Evaluating the value of a machine learning prospectivity map
Mineral potential maps (or prospectivity maps) have been used for several decades in the industry to help with selecting the most prospecting ground for exploration. These maps are the best way to integrate all available data and help decide were to go next. In the last decade, the use of data-driven and machine learning approaches to mineral potential mapping has become mainstream. Companies and consultants (including myself) propose machine learning prospectivity analysis to their clients and research papers are published every months on the subject.

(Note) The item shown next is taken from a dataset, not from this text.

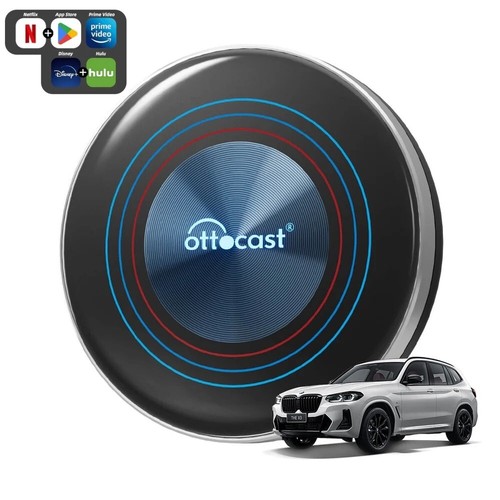 Ottocast bmw video - ottocast, ai
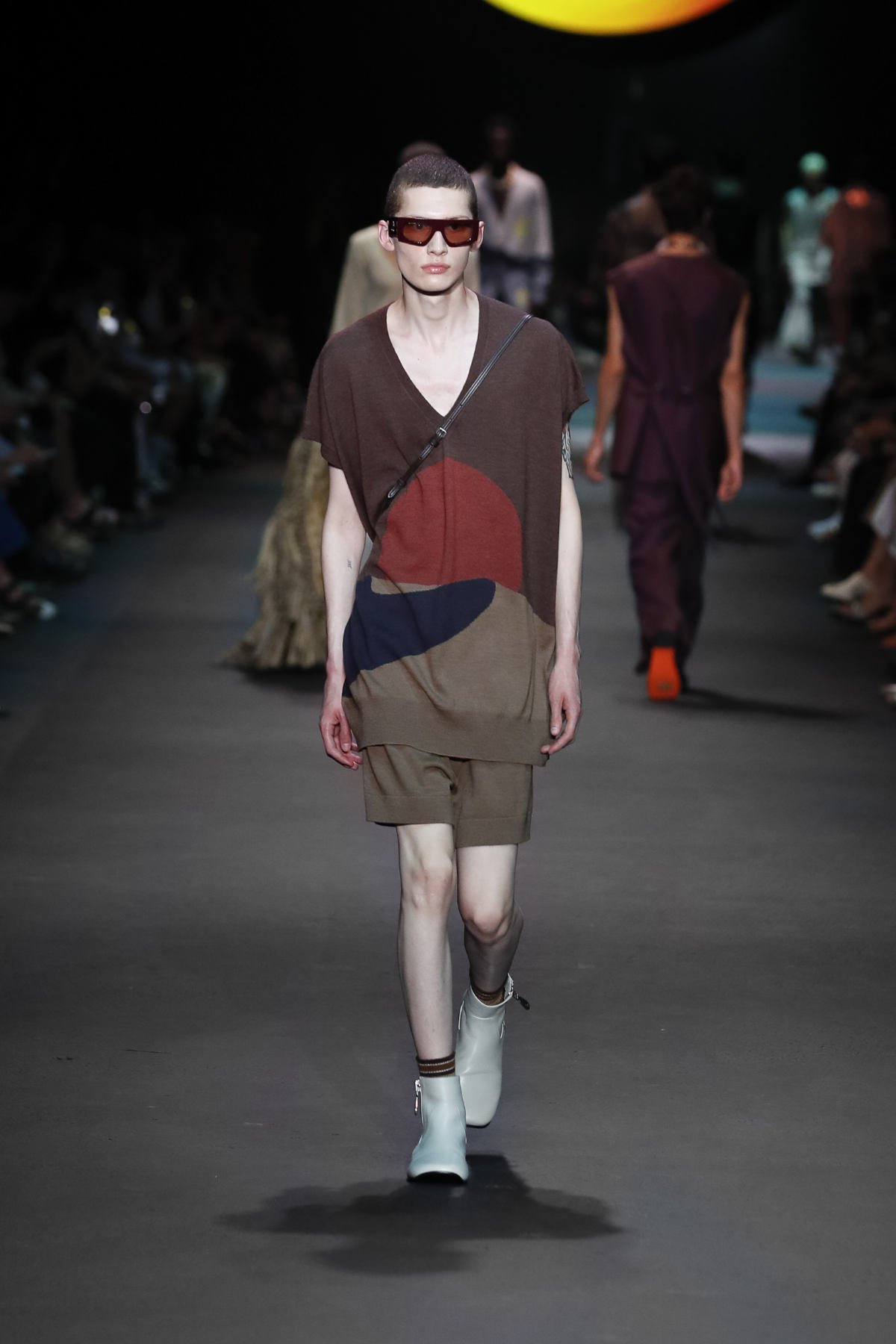 Etro Presents Its New Men's Spring Summer 2024 Collection: Etroallegories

Open source tools and public data allow everyone to try and test machine learning for mineral potential mapping. This is a great opportunity for all of us to improve the current practices and propose new solutions and approaches to the mineral exploration community. However, not everyone has experience with machine learning and not everyone is aware of the pitfalls of training an algorithm. Machine learning is complex and requires rigorous approaches. Published examples, both from the industry and from academics show workflows that would scare a machine-learning scientist with results that nonetheless look plausible to a geoscientist.
A specific concern I want to address in this article is models evaluated on training data. A machine learning algorithm learns a model from existing training deposits. We try to use this model to predict were we will be most likely to discover new deposits. It is common practice to estimate the model performance by looking at how many known deposits have been predicted by the model. This evaluation should NEVER be done on the deposits used to train the model. An algorithm can be extremely good at (re-)discovering example training data, and poor at predicting new deposits. This is called model overfitting. As an example, I have trained an algorithm on some Australian public data and estimated performance on both the training deposits, and on validation deposits that were not used as input data in the algorithm.
I obtained an accuracy score of 0.96/1 on training deposits. Amazing! But then, performance on validation data was only 0.58/1.... Not that good... The figure below illustrates well the problem. All training deposits are included in the 5% of the most prospective ground, while it takes 20% of the ground to include only 90% of the validation deposits.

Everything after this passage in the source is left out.